# WHAT YOU HAVE TO DO
Give back, unaltered, the lines from the one with "Nuva Botanicals before" to the end of the material, omitting pictures.

# SUPPLIED INFORMATION
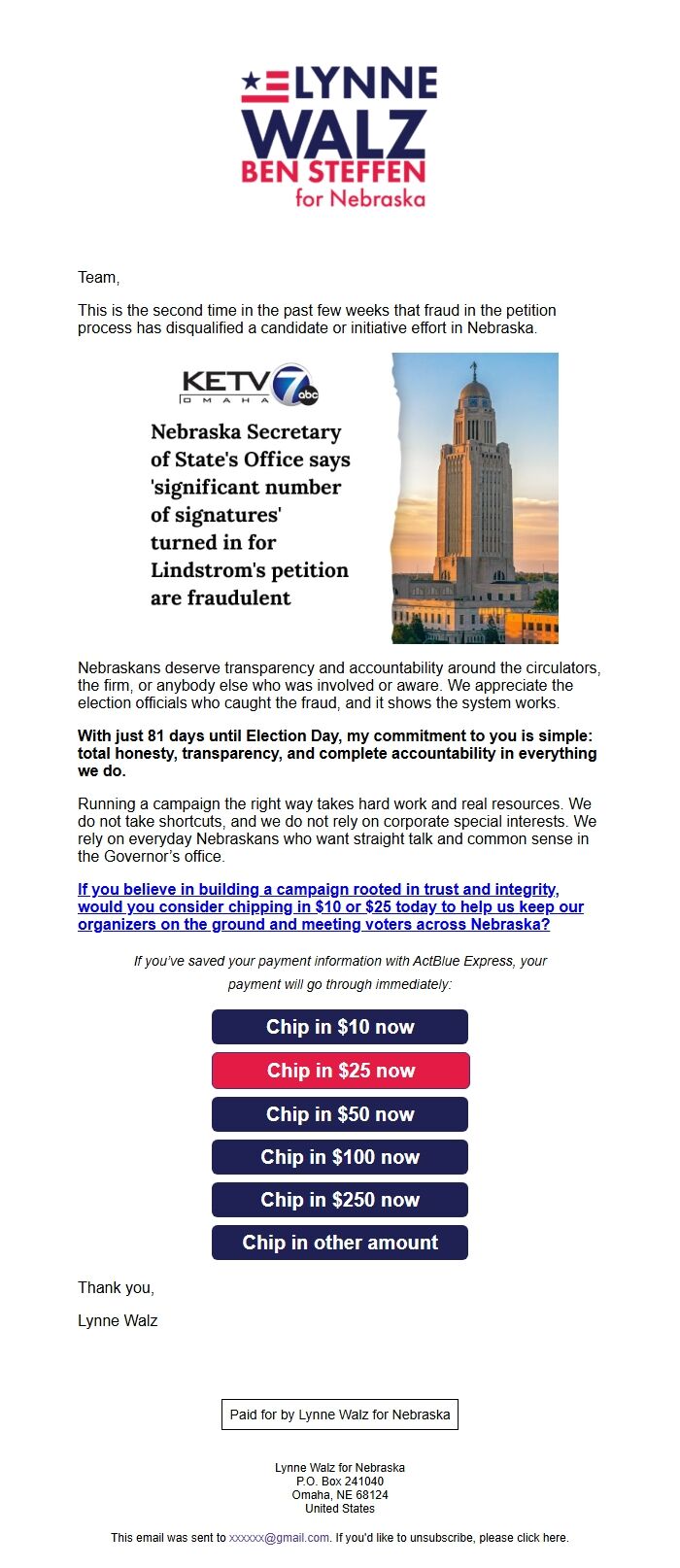 Screenshot of the email generated on import
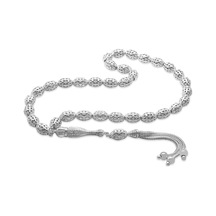 Üçlü Kamçı Top Püsküllü Kafes Tasarım Arpa Kesim Silver Renk 925 Ayar Gümüş Tesbih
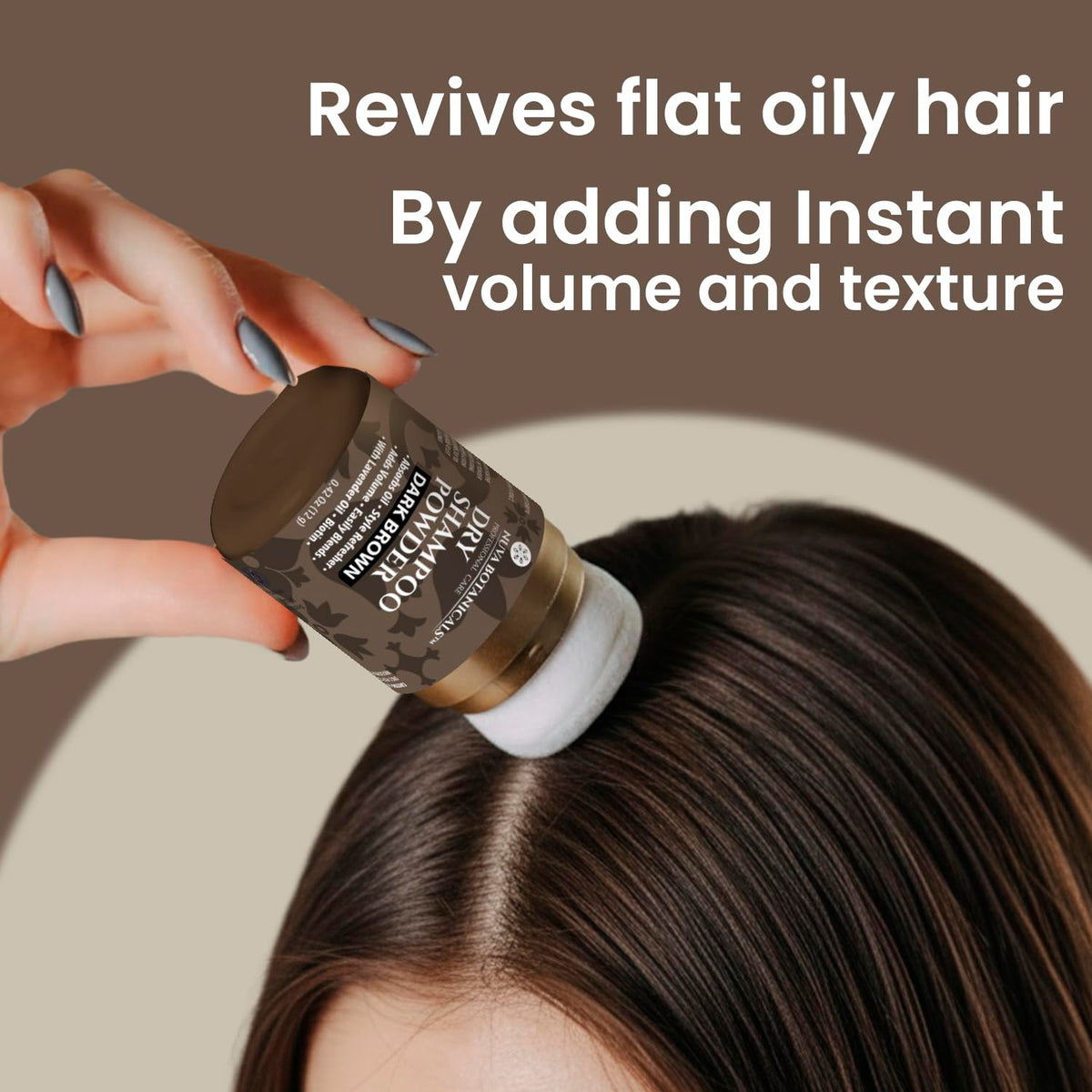 Nuva Botanicals before and after dark brown hair, visible volume and reduced greasiness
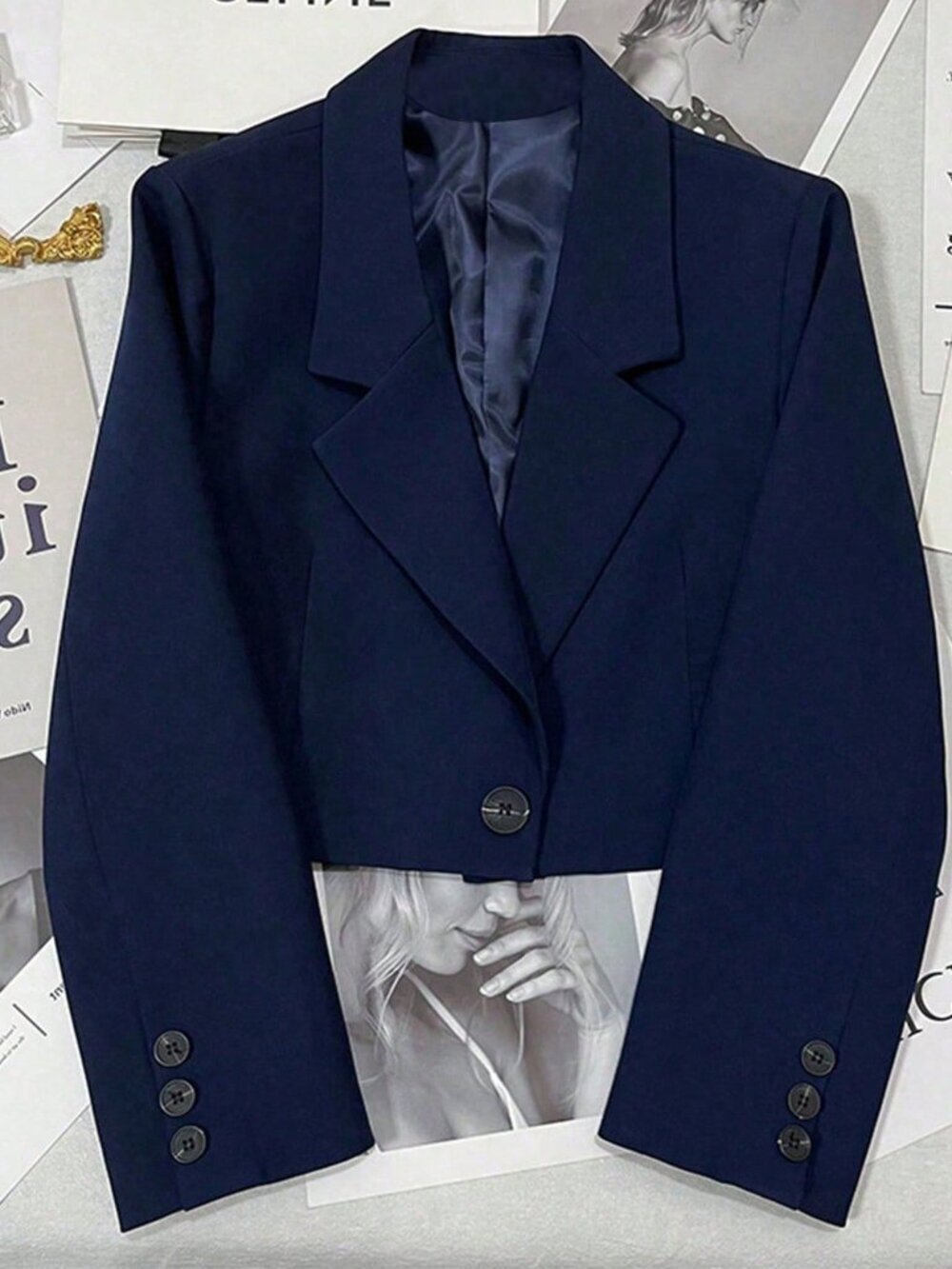 Blue Casual Women's Notch Lapel Blazer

# ANSWER SPACE
 Nuva Botanicals before and after dark brown hair, visible volume and reduced greasiness
 Blue Casual Women's Notch Lapel Blazer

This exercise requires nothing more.